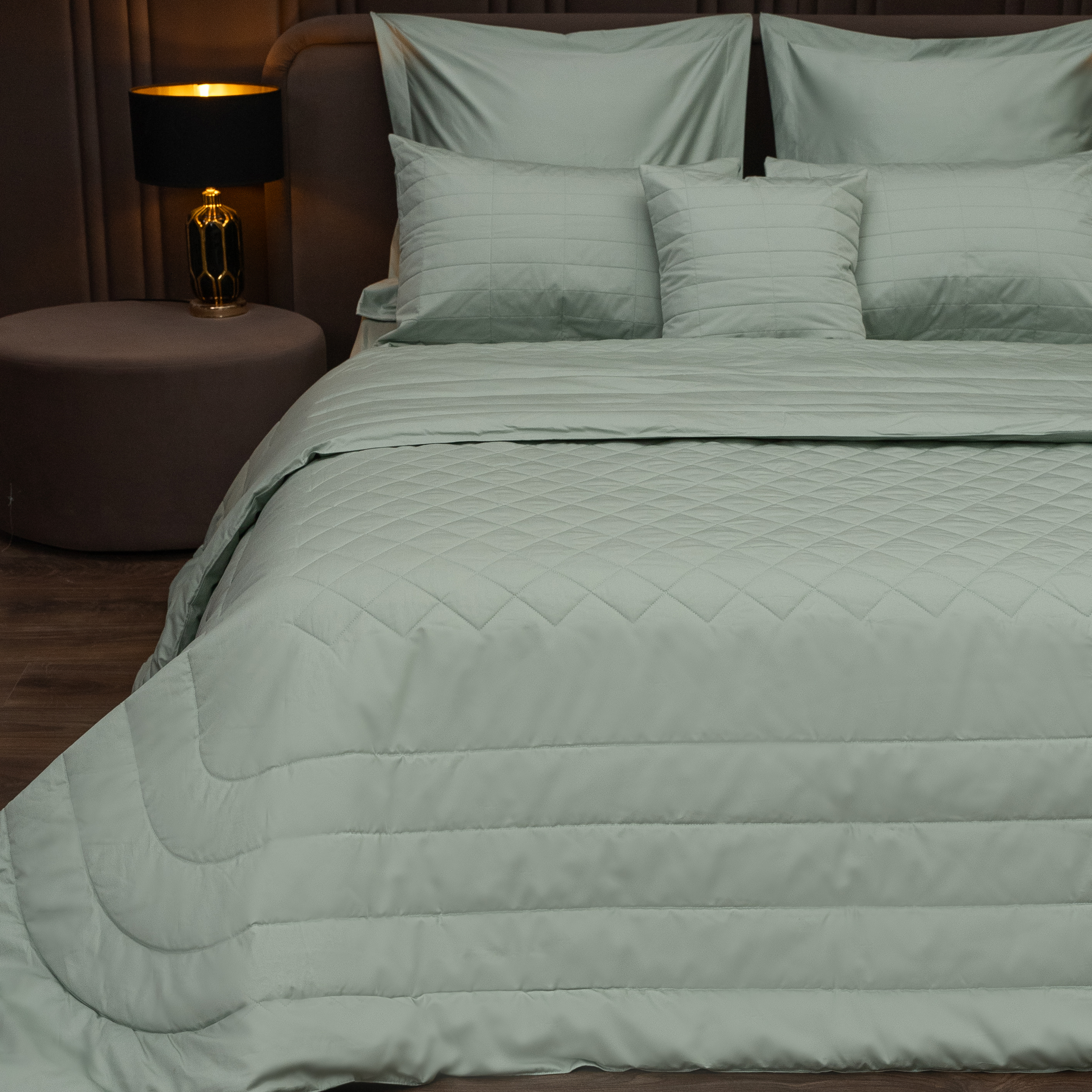 Одеяло с дизайнерской стежкой Ultra Satin 200гр Зелёный DU017-2 фото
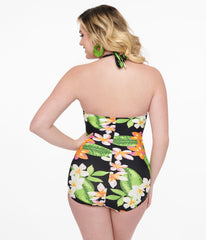 Esther Williams 1950s Black Tropical Print One Piece Swimsuit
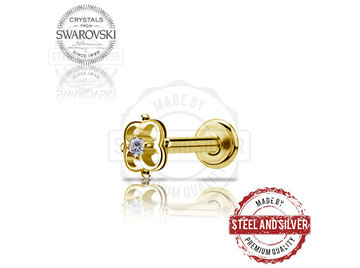 Лабрет Steel and Silver золотой цветок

WORK REQUIRED:
The data must be reproduced exactly, and no picture may appear in the copy.

EXERCISE SOLUTION:
 Одеяло с дизайнерской стежкой Ultra Satin 200гр Зелёный DU017-2 фото
 Esther Williams 1950s Black Tropical Print One Piece Swimsuit
 Лабрет Steel and Silver золотой цветок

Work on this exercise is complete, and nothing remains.